I was interested in seeing Heliopolis because I am interested in planned communities from the “garden city” era in the early 20th Century an era and concept that produced some of the most livable cities. Many of the places where people want to live today, but usually cannot afford – Beverly Hills, Grosse Point, Chestnut Hill & Coral Gables – started out as garden cities. Unfortunately, the idea fell out of favor with planners and architects by mid-century and we were building some of the ugliest and most dysfunctional communities in human history. The hideousness was worldwide. It is hard to believe that someone created places like Nowa Huta, Cabrini Green or Brasilia on purpose. I think we can learn from successes and failures.
Heliopolis is still relatively more livable than the rest of Cairo, but the population and squalor of the larger city have overwhelmed it. In theory you can walk around, but the Cairo driving habits make that dangerous. The inhabitants and authorities are making efforts to clean up some of the squalor, but a prerequisite for a livable city is control of traffic & overcrowding. Unless you do that, it is like cleaning the birdcage w/o feeding the bird.
The most interesting book I read on this sort of topic was “A Pattern Language”. The authors went around the world to compile the factors that people want in their cities. Galleries or porches are one of the important factors they found. Heliopolis has them. Another factor was access to shops. These are also present. I think if they got the traffic problem under control, this place would be just fine. From the guidebook I thought this would be a more pleasant place. I guess in a city with nearly 20 million people packed so tightly together, that is something you just do not get.

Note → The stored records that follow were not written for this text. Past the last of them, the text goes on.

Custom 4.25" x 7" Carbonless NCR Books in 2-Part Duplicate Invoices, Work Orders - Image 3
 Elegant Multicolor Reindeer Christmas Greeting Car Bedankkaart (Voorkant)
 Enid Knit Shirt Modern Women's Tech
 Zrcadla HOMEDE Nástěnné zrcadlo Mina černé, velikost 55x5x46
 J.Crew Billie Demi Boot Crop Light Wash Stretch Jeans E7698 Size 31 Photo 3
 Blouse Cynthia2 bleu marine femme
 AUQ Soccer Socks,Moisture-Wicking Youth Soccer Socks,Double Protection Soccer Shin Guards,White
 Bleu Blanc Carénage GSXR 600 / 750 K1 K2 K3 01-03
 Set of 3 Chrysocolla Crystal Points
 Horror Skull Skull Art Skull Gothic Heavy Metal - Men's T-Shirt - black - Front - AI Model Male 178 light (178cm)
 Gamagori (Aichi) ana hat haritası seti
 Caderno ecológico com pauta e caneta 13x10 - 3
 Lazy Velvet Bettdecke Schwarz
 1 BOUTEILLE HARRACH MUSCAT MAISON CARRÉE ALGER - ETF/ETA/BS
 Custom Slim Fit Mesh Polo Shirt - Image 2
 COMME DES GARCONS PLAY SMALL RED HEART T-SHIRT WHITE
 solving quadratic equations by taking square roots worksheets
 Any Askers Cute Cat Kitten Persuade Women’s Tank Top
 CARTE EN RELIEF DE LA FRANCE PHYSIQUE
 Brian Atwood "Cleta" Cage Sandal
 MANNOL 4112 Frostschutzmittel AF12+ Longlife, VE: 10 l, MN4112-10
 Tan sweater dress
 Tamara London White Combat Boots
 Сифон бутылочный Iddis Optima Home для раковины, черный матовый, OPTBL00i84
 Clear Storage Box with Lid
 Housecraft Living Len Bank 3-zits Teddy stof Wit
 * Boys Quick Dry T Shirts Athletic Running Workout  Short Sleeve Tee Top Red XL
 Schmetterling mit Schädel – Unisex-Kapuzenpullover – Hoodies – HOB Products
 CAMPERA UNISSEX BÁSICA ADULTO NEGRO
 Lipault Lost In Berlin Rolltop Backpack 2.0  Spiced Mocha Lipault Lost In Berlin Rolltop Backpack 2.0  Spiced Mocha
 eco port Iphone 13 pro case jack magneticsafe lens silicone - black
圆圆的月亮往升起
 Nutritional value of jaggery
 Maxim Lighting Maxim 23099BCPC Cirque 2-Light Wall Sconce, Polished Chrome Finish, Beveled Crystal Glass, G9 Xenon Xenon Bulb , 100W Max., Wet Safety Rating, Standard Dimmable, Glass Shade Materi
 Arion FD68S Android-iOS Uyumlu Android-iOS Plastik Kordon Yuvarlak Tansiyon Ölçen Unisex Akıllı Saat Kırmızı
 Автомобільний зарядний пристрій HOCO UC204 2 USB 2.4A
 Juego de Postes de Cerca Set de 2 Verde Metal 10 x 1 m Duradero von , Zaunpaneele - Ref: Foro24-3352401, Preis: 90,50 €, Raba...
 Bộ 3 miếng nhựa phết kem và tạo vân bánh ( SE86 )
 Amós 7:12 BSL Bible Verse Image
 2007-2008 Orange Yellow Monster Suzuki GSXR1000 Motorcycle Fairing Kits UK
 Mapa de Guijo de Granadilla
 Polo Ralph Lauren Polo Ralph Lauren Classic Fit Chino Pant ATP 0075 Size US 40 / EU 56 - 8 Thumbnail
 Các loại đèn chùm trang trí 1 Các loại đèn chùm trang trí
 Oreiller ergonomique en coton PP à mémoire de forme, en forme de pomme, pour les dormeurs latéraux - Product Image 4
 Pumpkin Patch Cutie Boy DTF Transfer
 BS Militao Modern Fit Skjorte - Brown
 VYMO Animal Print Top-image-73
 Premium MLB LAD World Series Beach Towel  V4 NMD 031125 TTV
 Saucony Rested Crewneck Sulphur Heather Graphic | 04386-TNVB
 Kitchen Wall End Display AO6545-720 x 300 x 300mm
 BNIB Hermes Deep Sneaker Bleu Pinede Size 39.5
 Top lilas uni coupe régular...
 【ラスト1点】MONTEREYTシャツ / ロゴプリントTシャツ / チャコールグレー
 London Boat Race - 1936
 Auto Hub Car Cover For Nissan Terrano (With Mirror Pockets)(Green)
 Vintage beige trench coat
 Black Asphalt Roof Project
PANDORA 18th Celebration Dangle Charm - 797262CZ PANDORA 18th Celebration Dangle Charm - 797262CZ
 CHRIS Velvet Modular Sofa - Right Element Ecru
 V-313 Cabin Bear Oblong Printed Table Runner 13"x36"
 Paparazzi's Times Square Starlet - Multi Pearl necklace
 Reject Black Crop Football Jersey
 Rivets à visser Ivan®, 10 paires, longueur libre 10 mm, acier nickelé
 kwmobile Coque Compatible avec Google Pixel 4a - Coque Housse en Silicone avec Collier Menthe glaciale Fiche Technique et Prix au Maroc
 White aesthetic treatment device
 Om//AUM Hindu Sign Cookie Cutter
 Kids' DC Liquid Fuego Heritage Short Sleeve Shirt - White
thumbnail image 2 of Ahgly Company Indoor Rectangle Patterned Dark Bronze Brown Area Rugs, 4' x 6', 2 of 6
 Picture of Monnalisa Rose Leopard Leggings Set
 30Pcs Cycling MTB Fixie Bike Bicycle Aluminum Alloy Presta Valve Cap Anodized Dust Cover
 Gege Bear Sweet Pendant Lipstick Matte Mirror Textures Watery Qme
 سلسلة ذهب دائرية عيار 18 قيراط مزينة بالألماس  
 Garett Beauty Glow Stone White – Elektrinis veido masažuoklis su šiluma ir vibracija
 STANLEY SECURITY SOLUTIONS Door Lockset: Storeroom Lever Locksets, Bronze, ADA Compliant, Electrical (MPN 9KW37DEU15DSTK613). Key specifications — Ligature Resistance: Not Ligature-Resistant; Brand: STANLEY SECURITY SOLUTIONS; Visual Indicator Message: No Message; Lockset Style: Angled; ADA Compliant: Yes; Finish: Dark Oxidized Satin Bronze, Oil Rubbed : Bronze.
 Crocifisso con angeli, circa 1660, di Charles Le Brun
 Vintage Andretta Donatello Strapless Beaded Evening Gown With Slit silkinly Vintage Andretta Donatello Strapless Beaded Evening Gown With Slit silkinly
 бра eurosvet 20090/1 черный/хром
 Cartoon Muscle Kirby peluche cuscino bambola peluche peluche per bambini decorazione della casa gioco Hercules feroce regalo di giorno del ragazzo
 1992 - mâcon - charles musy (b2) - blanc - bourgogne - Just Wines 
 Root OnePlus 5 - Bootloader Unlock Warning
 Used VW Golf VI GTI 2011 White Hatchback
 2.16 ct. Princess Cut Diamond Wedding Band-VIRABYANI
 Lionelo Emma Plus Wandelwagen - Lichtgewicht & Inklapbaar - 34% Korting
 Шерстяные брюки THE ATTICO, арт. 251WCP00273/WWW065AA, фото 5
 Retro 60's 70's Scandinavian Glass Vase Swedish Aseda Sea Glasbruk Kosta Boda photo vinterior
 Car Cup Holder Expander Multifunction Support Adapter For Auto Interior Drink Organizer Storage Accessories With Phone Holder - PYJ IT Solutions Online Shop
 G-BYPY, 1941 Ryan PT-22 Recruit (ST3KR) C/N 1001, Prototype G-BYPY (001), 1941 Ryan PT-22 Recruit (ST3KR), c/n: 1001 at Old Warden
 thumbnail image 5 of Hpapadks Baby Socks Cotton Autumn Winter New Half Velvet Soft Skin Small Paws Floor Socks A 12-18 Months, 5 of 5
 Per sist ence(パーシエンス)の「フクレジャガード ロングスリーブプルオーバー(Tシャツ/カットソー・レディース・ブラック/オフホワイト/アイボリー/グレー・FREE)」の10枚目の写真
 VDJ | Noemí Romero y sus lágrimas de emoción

Some of the shopkeepers & taxi drivers we met alluded to this. They complained that their upscale customers were disappearing, drawn out of Cairo to the controlled and agreeable resorts. At first, people went to the resorts when they visited Egypt. More and more, however, they are just going to resorts that happen to be in Egypt w/o regard to the rest of the country. The Red Sea resorts are where they are because the sun shines every day not because they are in Egypt. They could be anywhere in the world.
The take away lesson from this is that if you do not provide people with the pleasant amenities they want, they will find them someplace else, and the most influential people will leave first.